» **Work instructions**
Write out only the opening lines of the entries, through the line with "Air Force 1".
*** Exercise materials
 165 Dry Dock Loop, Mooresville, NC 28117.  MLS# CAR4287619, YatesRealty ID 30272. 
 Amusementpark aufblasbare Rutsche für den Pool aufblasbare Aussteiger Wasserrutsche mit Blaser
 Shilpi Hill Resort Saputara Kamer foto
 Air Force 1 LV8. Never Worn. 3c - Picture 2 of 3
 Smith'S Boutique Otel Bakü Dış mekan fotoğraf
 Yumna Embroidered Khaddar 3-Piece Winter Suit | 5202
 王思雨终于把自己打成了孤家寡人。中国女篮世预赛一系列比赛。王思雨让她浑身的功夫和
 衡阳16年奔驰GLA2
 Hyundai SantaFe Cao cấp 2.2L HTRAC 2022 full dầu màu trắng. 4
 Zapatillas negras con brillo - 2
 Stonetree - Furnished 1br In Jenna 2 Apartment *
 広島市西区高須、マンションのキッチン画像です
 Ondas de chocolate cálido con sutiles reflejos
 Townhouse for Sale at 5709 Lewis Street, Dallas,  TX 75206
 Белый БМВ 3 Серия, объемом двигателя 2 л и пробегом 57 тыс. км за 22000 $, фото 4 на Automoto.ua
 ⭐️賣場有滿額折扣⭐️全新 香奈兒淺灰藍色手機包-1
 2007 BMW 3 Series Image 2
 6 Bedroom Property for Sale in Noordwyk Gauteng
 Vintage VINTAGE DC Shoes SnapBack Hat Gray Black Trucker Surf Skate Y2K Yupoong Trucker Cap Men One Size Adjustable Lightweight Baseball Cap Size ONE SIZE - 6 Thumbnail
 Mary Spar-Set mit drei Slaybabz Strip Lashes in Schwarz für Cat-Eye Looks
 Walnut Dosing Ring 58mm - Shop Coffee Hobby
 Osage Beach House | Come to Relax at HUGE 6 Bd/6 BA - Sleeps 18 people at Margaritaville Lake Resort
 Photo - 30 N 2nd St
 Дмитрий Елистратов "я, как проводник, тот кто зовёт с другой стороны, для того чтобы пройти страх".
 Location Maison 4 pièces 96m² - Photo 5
******
» **Output for this exercise**
 165 Dry Dock Loop, Mooresville, NC 28117.  MLS# CAR4287619, YatesRealty ID 30272. 
 Amusementpark aufblasbare Rutsche für den Pool aufblasbare Aussteiger Wasserrutsche mit Blaser
 Shilpi Hill Resort Saputara Kamer foto
 Air Force 1 LV8. Never Worn. 3c - Picture 2 of 3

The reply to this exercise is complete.